=== Task data ===
===
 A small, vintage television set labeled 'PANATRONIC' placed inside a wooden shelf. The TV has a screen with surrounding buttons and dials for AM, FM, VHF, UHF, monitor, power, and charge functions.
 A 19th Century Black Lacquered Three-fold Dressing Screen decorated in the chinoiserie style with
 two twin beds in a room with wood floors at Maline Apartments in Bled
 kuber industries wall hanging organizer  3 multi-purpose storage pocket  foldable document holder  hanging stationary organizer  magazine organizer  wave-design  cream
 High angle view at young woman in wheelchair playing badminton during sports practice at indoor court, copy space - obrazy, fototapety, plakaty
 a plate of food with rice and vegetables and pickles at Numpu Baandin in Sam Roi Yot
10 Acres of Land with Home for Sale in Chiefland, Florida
===
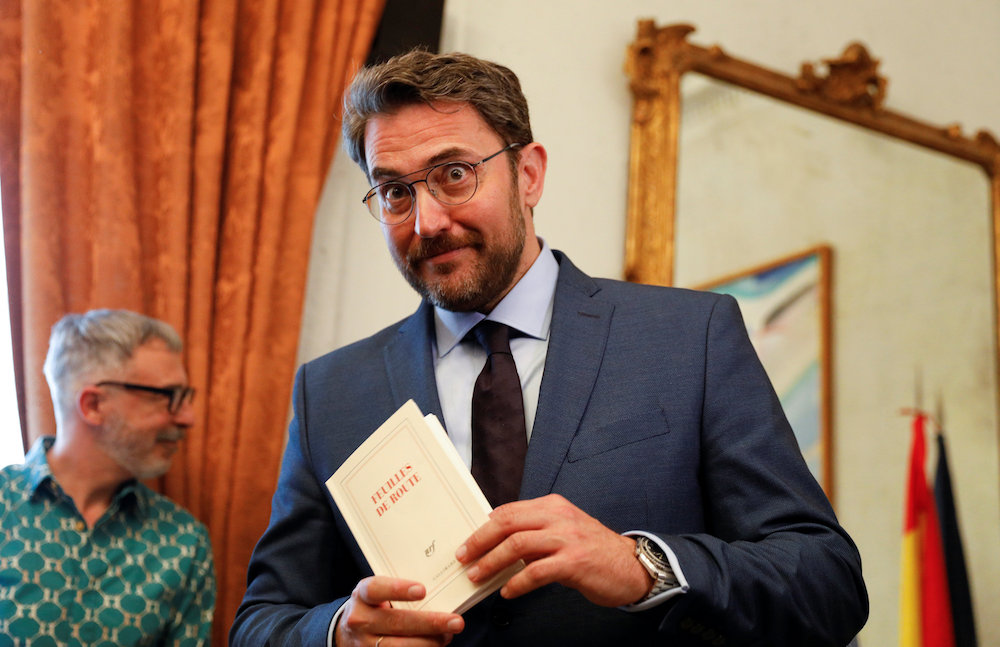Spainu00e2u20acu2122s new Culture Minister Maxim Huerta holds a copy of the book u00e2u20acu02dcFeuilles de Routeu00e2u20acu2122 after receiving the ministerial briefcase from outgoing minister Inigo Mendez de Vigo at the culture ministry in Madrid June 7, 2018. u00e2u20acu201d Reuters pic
===
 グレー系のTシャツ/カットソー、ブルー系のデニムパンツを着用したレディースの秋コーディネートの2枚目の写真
===
=== What is being asked ===
Could you retype exactly the lines above, starting at the line that contains "A small, vintage" and ending at the line that contains "kuber industries wall", and nothing more?

=== Result for this exercise ===
 A small, vintage television set labeled 'PANATRONIC' placed inside a wooden shelf. The TV has a screen with surrounding buttons and dials for AM, FM, VHF, UHF, monitor, power, and charge functions.
 A 19th Century Black Lacquered Three-fold Dressing Screen decorated in the chinoiserie style with
 two twin beds in a room with wood floors at Maline Apartments in Bled
 kuber industries wall hanging organizer  3 multi-purpose storage pocket  foldable document holder  hanging stationary organizer  magazine organizer  wave-design  cream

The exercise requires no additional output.